[DATA UNDER STUDY Boundary: Start]

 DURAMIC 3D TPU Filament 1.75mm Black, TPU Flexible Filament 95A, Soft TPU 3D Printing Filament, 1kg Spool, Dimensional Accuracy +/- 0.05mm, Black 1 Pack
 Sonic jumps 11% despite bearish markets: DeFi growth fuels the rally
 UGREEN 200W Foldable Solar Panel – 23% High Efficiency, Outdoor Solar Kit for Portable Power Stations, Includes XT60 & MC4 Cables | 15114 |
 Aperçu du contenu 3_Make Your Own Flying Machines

[DATA UNDER STUDY Boundary: End]
[DATA UNDER STUDY Boundary: Start]

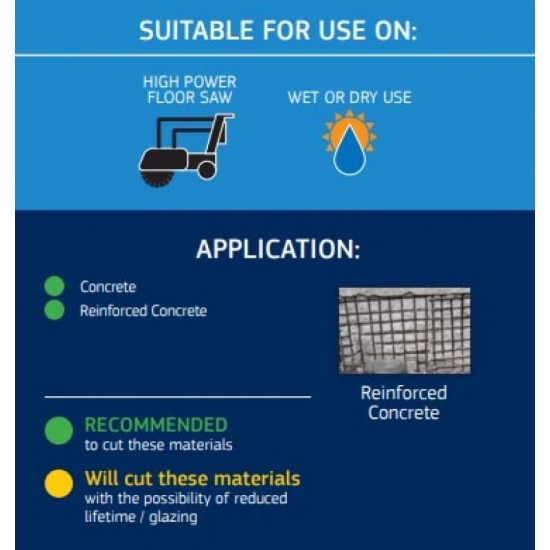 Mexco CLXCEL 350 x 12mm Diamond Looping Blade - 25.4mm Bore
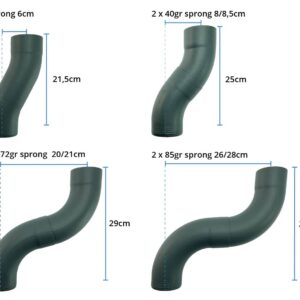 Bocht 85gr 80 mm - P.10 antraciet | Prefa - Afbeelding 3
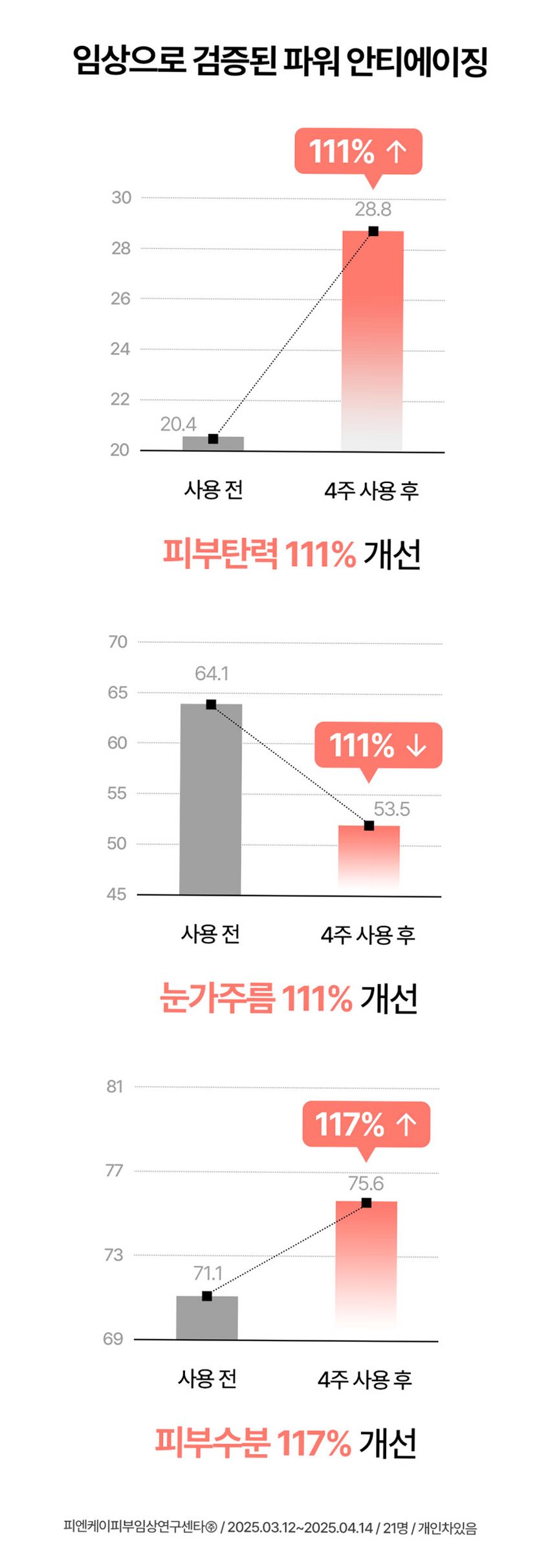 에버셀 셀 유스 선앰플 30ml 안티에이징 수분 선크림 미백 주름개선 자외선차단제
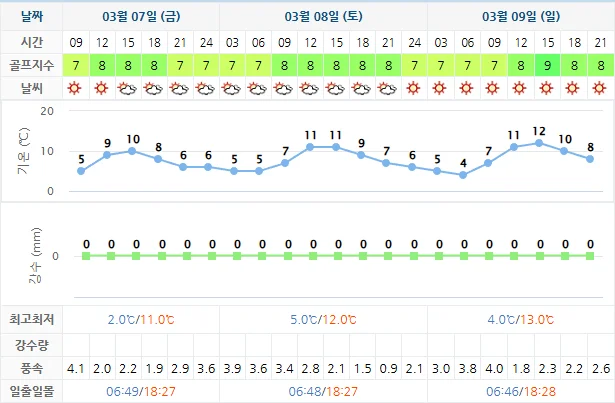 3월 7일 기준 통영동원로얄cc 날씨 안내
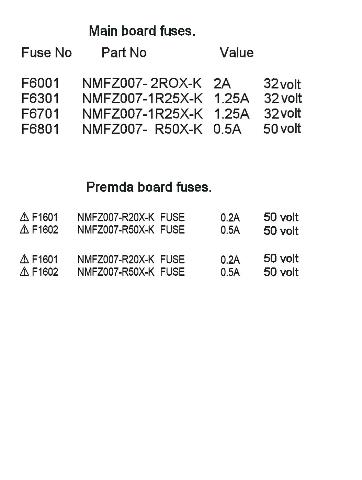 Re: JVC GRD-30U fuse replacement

[DATA UNDER STUDY Boundary: End]
[DATA UNDER STUDY Boundary: Start]

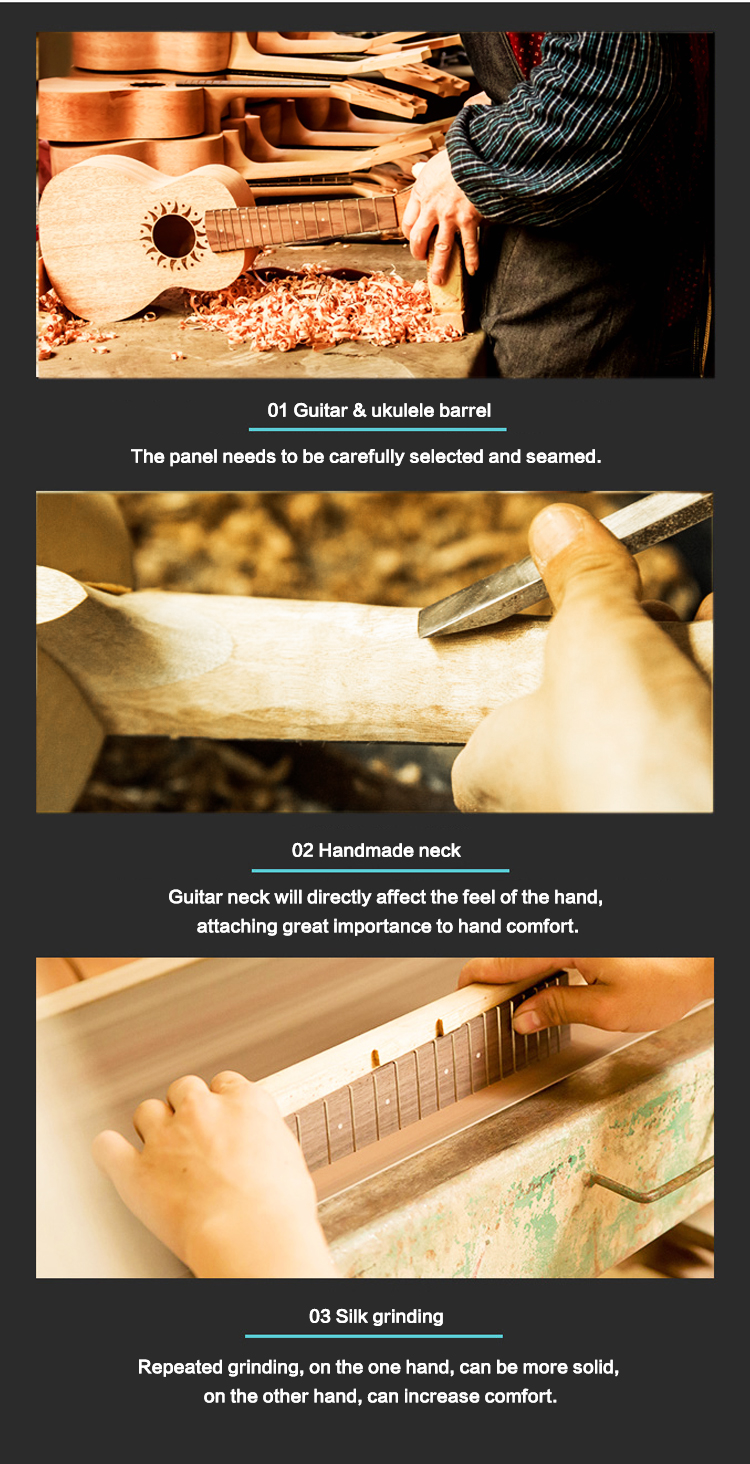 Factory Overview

[DATA UNDER STUDY Boundary: End]

- [TASK OBJECTIVE]:
Above are some records; copy exactly the lines from the one with "UGREEN 200W Foldable" through the one with "Aperçu du contenu", both included, and no others.

- [SOLUTION BELOW]:
 UGREEN 200W Foldable Solar Panel – 23% High Efficiency, Outdoor Solar Kit for Portable Power Stations, Includes XT60 & MC4 Cables | 15114 |
 Aperçu du contenu 3_Make Your Own Flying Machines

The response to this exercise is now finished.